▶ [Problem description]:
Copy exactly the lines of the data below, beginning with the line with "In front of" and ending with the line with "Peribronchial cuffing is". Pictures are to be omitted.

[[ Data provided, beginning ]]

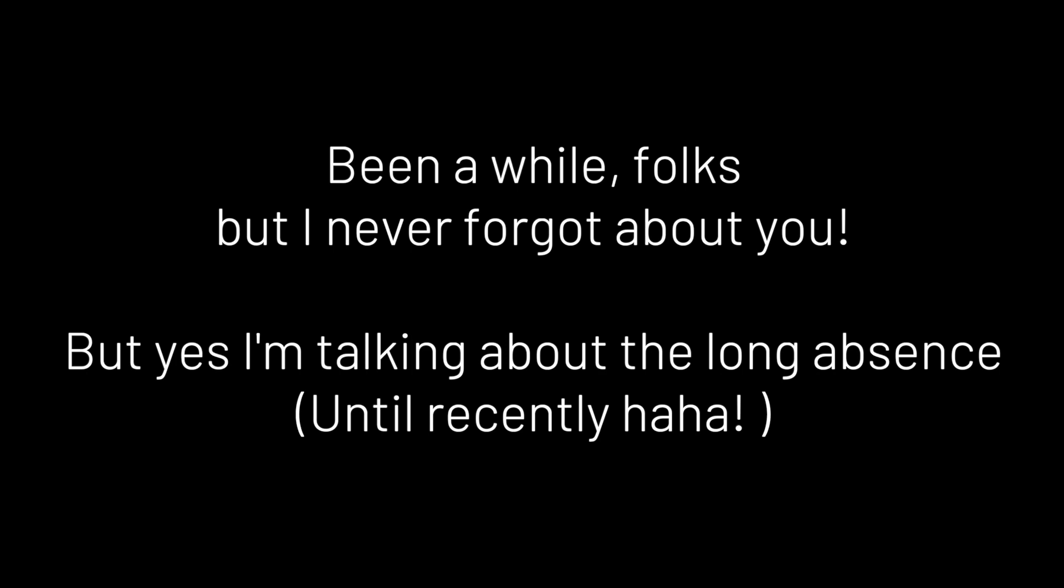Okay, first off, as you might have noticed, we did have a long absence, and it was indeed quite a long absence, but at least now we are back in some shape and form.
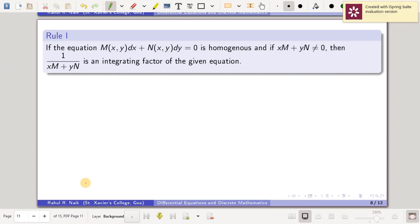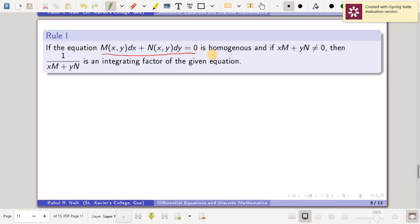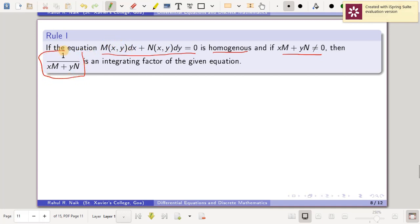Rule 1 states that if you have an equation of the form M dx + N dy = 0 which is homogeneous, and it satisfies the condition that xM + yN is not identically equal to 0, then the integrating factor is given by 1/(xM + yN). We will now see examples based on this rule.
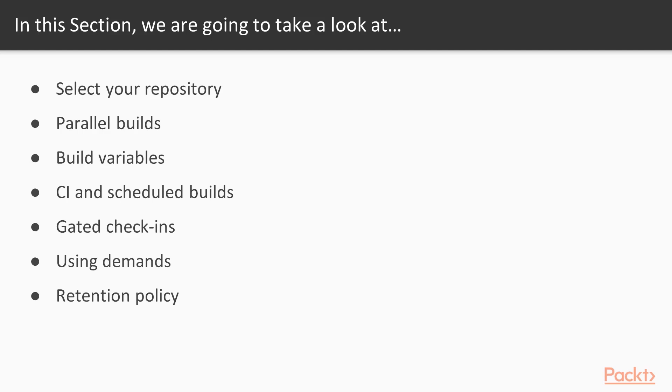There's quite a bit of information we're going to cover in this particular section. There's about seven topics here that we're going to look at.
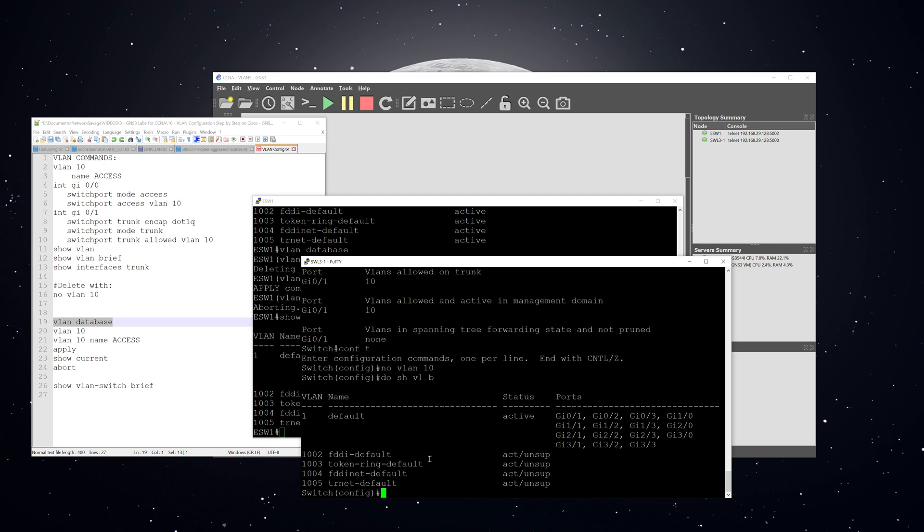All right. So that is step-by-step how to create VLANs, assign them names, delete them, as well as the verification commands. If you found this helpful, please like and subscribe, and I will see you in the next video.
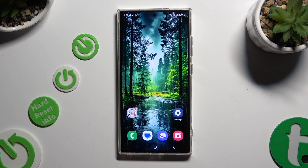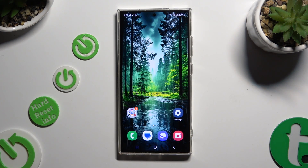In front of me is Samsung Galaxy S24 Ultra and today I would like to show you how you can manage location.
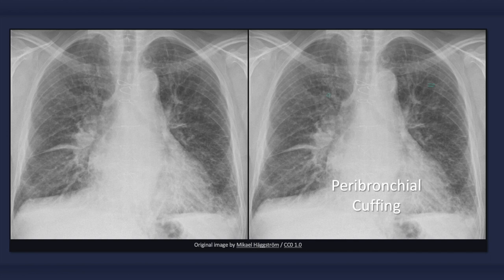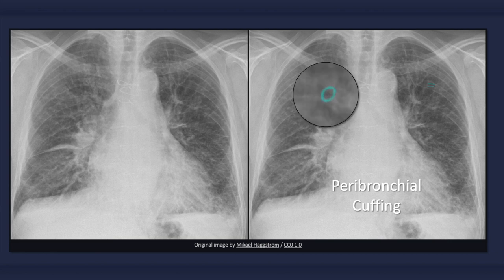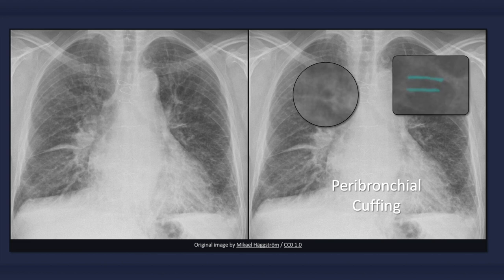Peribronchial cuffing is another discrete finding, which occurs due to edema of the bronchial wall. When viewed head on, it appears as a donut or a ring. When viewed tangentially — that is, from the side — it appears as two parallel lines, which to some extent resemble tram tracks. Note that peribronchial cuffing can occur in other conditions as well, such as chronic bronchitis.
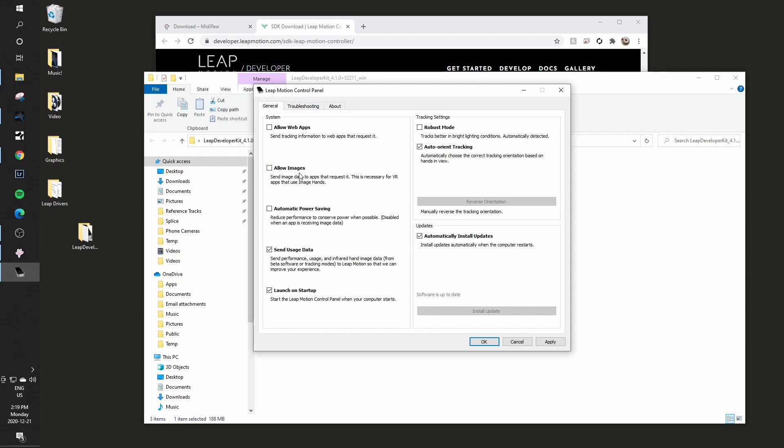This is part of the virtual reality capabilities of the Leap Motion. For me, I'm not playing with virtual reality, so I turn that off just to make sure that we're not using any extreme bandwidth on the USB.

[[ Data provided, end ]]
[[ Data provided, beginning ]]

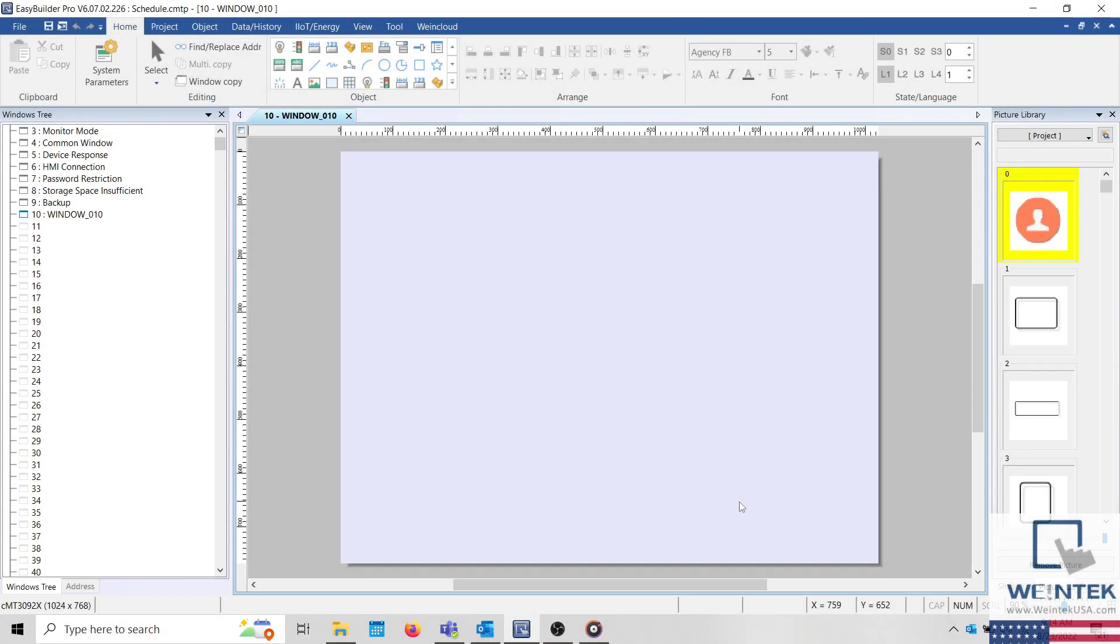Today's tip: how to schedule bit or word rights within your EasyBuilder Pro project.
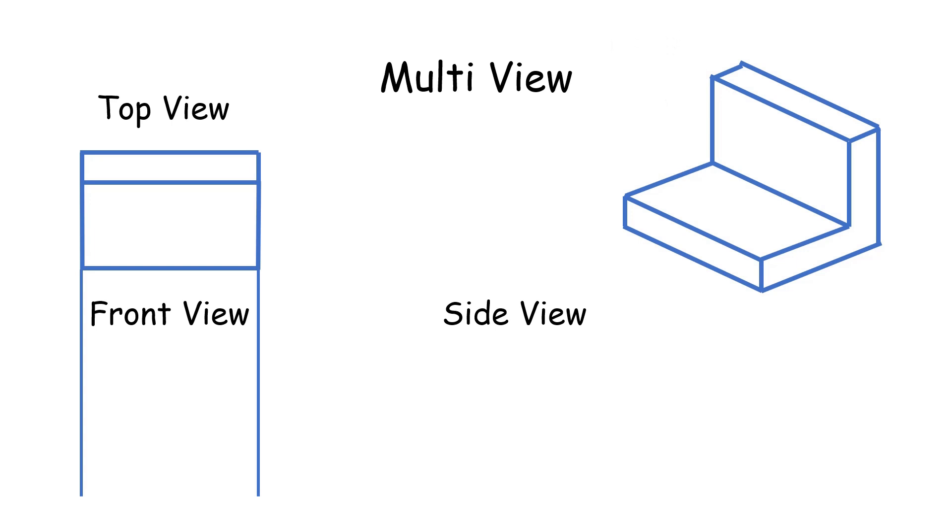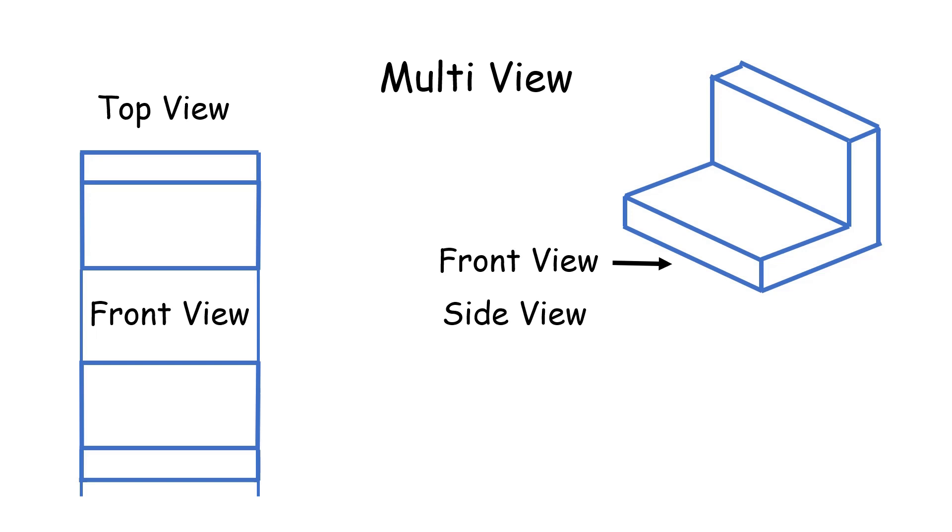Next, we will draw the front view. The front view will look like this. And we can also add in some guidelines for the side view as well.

[[ Data provided, end ]]

▶ [Result of this task]:
In front of me is Samsung Galaxy S24 Ultra and today I would like to show you how you can manage location.
Peribronchial cuffing is another discrete finding, which occurs due to edema of the bronchial wall. When viewed head on, it appears as a donut or a ring. When viewed tangentially — that is, from the side — it appears as two parallel lines, which to some extent resemble tram tracks. Note that peribronchial cuffing can occur in other conditions as well, such as chronic bronchitis.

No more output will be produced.